One man's simple, colloquial meditations on his past, his family, and his life's daily minutia are the substance of Nicholson Baker's A Box of Matches. Feeling that life is passing him by, Emmett, a middle-aged medical textbook editor, decides to wake up early each day to sit by a fire in his country house and record his thoughts in a diary. "Good morning," Emmett begins, "it's January and its 4:17 a.m., and I'm going to sit here in the dark." From this vantage point, Emmett reflects stream-of-consciousness style on whatever occurs to him, no matter how mundane: his recent trip to Home Depot, how he met his wife, the habits of the family duck. Routines, such as how he makes his morning coffee in the dark or picks up his underwear with his toes, are described with childlike reverence and directness. All told, nothing much happens in A Box of Matches, which seems to be the point. Baker is more interested in the idea that for many, life is made up of such apparent trivialities, and that only by pausing to appreciate them can anyone gain any lasting satisfaction.
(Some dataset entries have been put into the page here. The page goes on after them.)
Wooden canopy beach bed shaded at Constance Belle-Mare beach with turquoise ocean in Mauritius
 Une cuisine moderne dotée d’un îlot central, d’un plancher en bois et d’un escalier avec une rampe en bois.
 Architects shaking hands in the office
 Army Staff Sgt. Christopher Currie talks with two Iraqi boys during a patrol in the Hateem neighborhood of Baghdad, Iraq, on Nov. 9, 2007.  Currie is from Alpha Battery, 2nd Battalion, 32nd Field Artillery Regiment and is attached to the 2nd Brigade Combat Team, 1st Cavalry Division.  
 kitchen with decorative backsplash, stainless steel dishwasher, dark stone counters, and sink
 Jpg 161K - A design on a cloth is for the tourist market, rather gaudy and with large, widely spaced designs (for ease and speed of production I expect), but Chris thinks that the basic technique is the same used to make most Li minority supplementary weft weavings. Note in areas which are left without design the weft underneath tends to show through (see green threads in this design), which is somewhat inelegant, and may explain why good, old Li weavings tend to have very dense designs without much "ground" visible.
Baker emphasizes this through the moments of understated wisdom and joy that Emmett derives from ordinary occurrences, such as the daylight through the window: "a simple light that goes everywhere but with no heat, aware that it is taken for granted and content to be so." This is the philosophical equivalent of a one-joke premise, however, and there are moments when Emmett's naiveté and laundry list-like narrative wear thin. Likely understanding this, Baker has wisely kept things short. A curious, often charming novel, A Box of Matches will inspire some readers, while inspiring frustration in others. --Ross Doll

(retrieved from Amazon Thu, 12 Mar 2015 18:21:24 -0400)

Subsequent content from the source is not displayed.